» **Source records**:
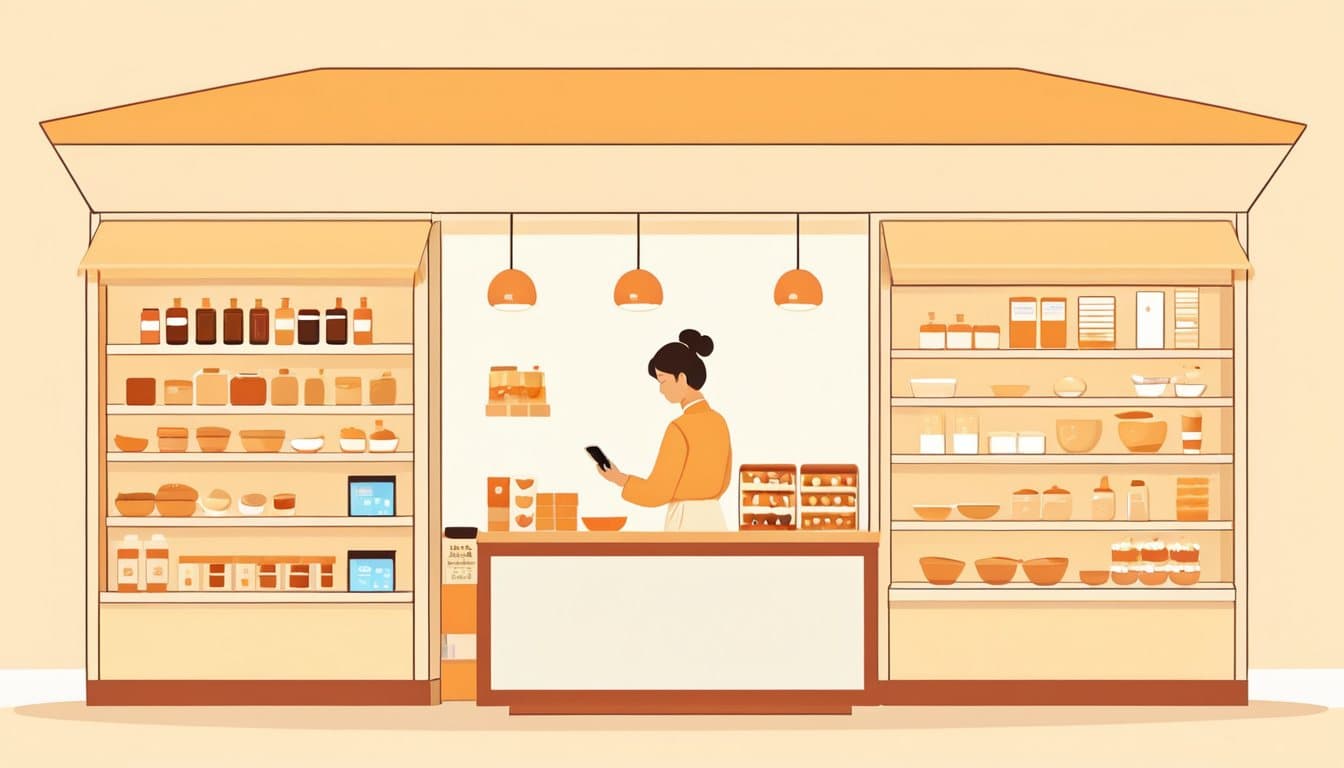 店の中でスマートフォンを持ち、自分のサイトのページを指でめくりながら確認している店主
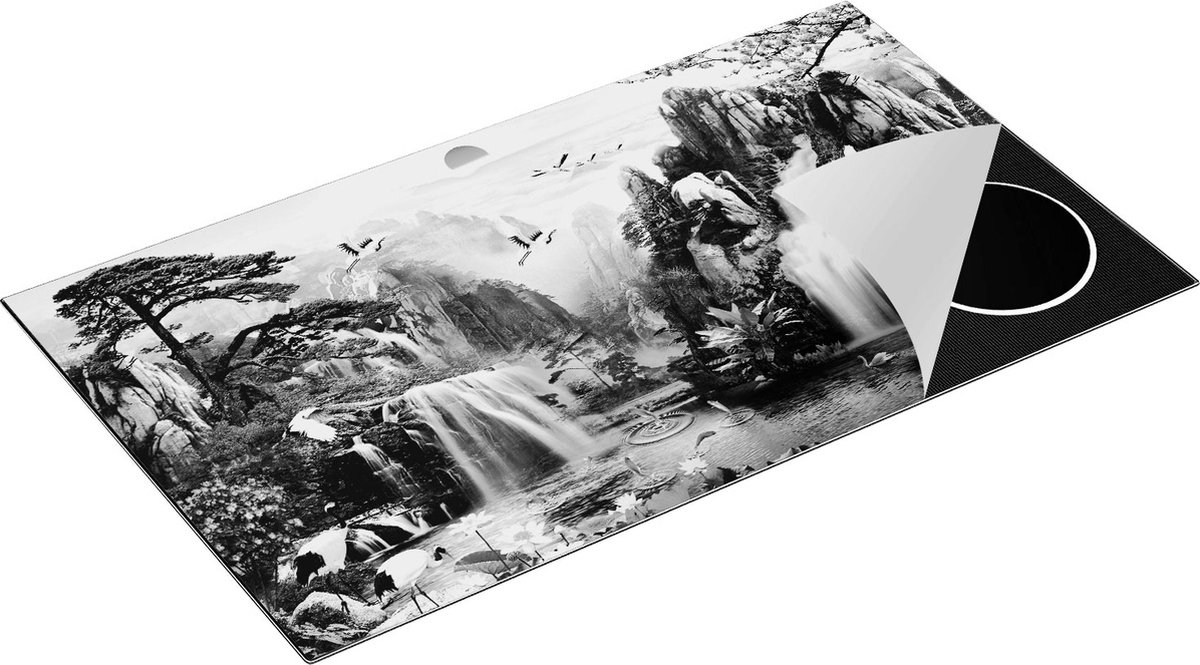Chefcare Inductie Beschermer Watervallen in de Bergen - Abstract - Zwart Wit - 89,6x51,6 cm - Afdekplaat Inductie - Kookplaat Beschermer - Inductie Mat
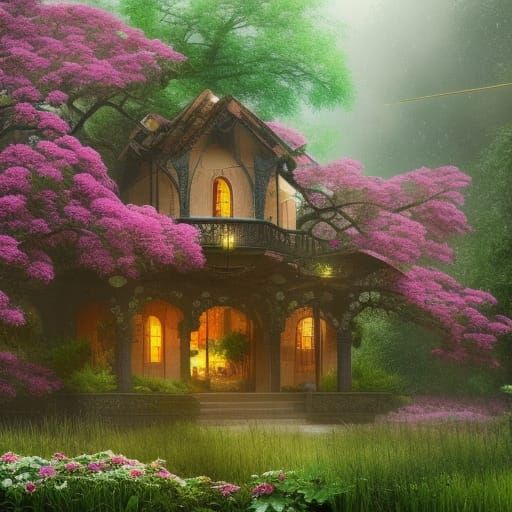 Forest House with Wind Chimes: Digital Matte Painting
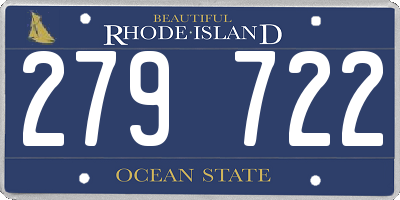 RI license plate 279722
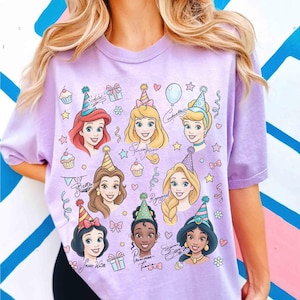 Comfort colors Disney Princess Signature Birthday Shirt, Belle Ariel Snow White Princess Birthday Present Gifts Tee, Disneyland Girls Trip image 2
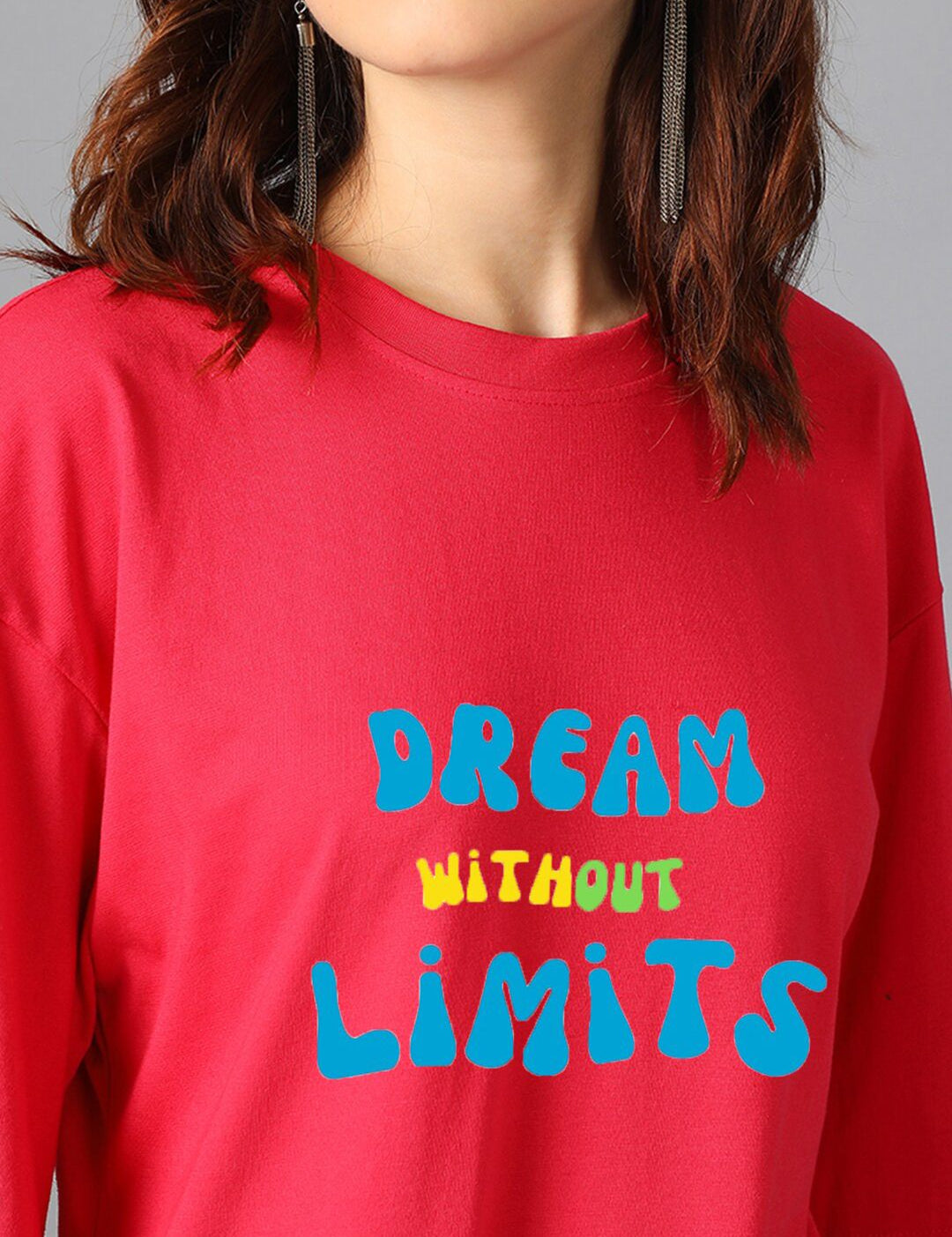 Kotty Pink Typography Printed Drop-Shoulder Sleeves Oversized T-shirt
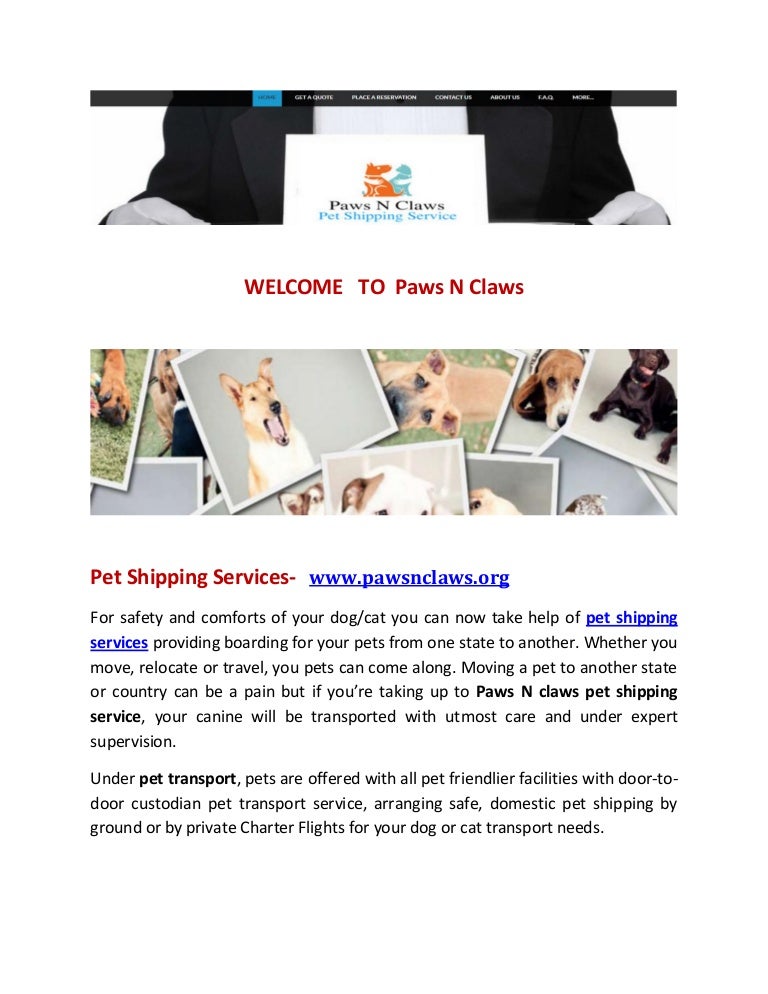 shipping a pet to another state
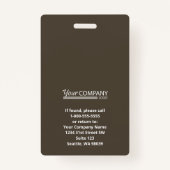 Dark Brown, White Company Entry従業員写真ID バッジ (裏面)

» **What the exercise asks**: Would you please repeat only the lines above, beginning at the one that has "RI license plate 279722" and stopping after the one that has "shipping a pet to another state", exactly and with no pictures?

» **Finished exercise**:
 RI license plate 279722
 Comfort colors Disney Princess Signature Birthday Shirt, Belle Ariel Snow White Princess Birthday Present Gifts Tee, Disneyland Girls Trip image 2
 Kotty Pink Typography Printed Drop-Shoulder Sleeves Oversized T-shirt
 shipping a pet to another state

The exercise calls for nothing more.